▶ **Your task**: Look through the records below for the line holding "Zęby przed wybielaniem". Write it out exactly, with each following line through the line holding "#惊不惊喜意不意外 只要一回".

▶ **Input**:

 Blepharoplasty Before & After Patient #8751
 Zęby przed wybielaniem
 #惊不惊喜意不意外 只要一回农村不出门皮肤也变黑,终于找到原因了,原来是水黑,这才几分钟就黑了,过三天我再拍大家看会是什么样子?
* * *
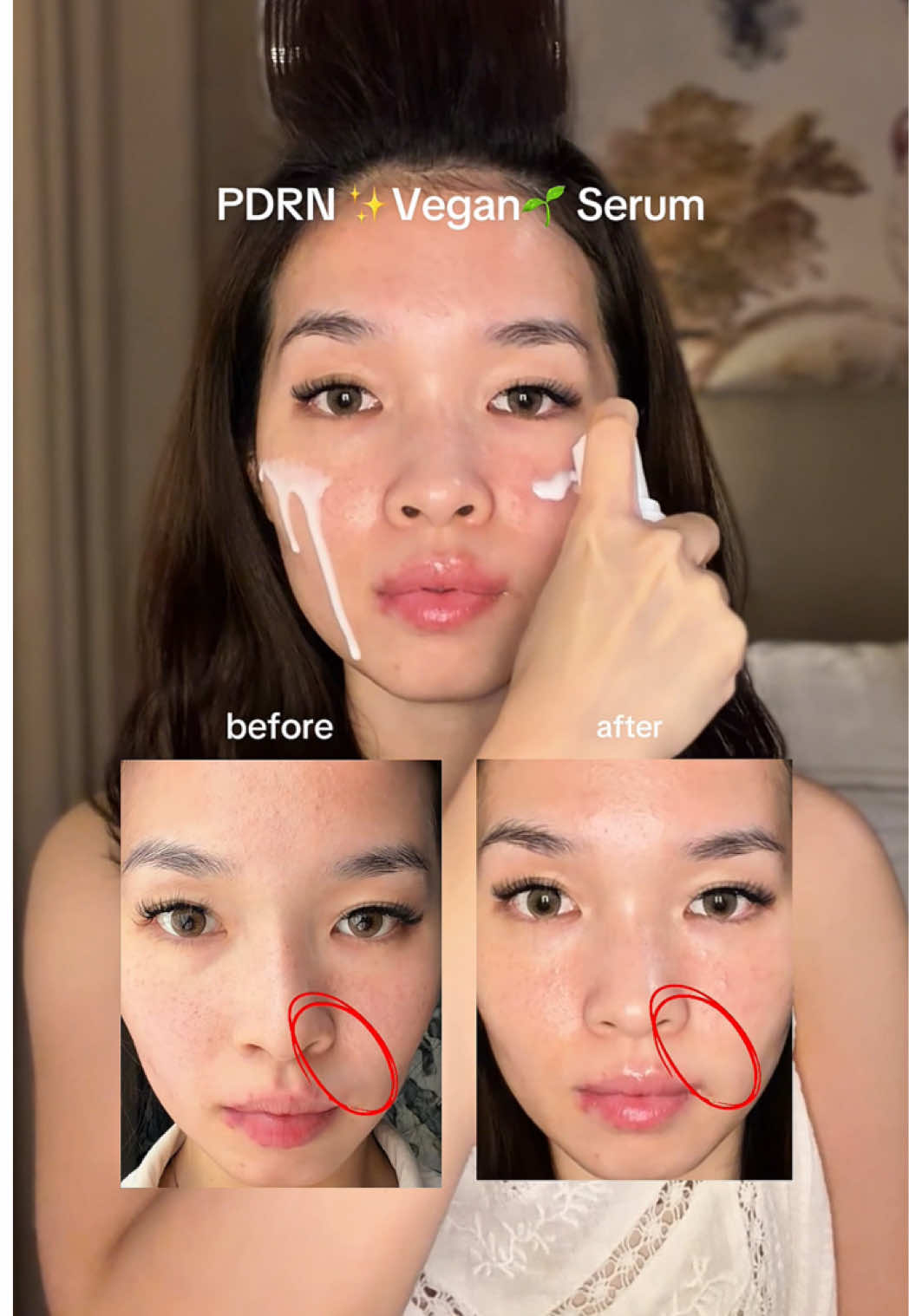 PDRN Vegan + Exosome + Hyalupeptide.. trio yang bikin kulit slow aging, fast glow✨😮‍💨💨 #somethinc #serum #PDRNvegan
--
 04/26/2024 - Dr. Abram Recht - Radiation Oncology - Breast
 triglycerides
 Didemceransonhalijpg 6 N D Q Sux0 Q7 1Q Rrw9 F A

▶ **Exercise result**:
 Zęby przed wybielaniem
 #惊不惊喜意不意外 只要一回农村不出门皮肤也变黑,终于找到原因了,原来是水黑,这才几分钟就黑了,过三天我再拍大家看会是什么样子?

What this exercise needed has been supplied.